As I write this, an exuberant spring wind blows outside, pushing snow off roofs, tangling our wind chimes, shaking the lilac branches with their new, hard buds. One of the cats is stretched out on my desk in the sun. My desk calendar was in his way, so he kicked it off with his back feet. A glass paperweight pins down a card for Mom, the envelope addressed and stamped. Every Monday I put a card in the mail for her. I do it for me. She does not acknowledge them or remember receiving them. I hope they’re all displayed in her room, but I don’t know. I’m not sure she can read them. I imagine a staff person or hospice team member reading them to her. I’m not sure she can connect them with me at all. But it makes me feel better to make the gesture, and I enjoy picking out cards I think she’ll like. I’ll write a couple of lines about the weather, about the moment, about spring. I’ll sign it with the word love.
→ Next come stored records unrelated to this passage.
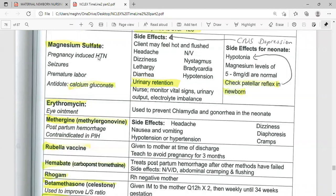With pregnancy-induced hypertension, the mother may present with headache, hyperreflexia, visual disturbance, or decreased urine output. If left untreated, it can lead to complications like eclampsia or pre-eclampsia. The clinical use of magnesium sulfate is the prevention and treatment of seizures in pregnant mothers, or in cases of eclampsia or severe pre-eclampsia.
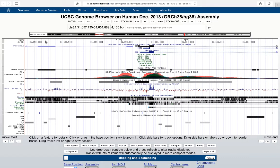Directly below this track is another track related to regulation called DNase1 hypersensitivity. These are regions that are sensitive to DNase activity, and they tend to fall in regulatory or promoter regions.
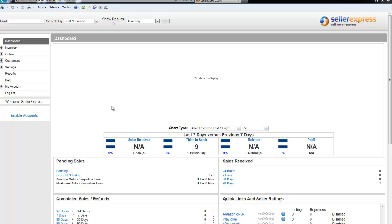In our previous video we discussed the Titles and Stocks screen and how you could look at a full list of your products. In this video, we're going to look at the Find box and how you can search for a specific product in Seller Express.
I’ll put it in the mailbox and raise the flag, and the mail carrier will take it in an hour or so.

Feelings are pure. Feelings are simple. It’s our thoughts about our feelings that fester, tangle, entrap us. I want to soothe uncomfortable feelings, make the pain stop, dry the tears, turn aside the rage. All my life it’s been my role to take care of Mom, fix whatever was going wrong. I still feel her emotional dependence. I still feel the responsibility to solve every problem for her.

But Mom has traveled now to a place I can’t go and she can’t come back from. She can’t follow me, clutching at my clothing, needing, wanting, pleading, demanding, rejecting. I can’t walk beside her in a way she recognizes. We have separated. I am relieved. I am absolved. I grieve for her anguish. Witnessing her feelings without taking action to assuage them is perhaps the hardest thing I’ve ever done in a lifetime of hard things in caring for her.

But I cannot fix this. Neither of us can go back. There’s only feeling our way forward.

Questions:

  • What has been you experience, if any, with dementia in a loved one or family member?
  • What are your thoughts and feelings about hospice care?
  • What’s the hardest thing for you in supporting an elderly loved one?
  • Do you worry about developing dementia yourself? Have you made a plan?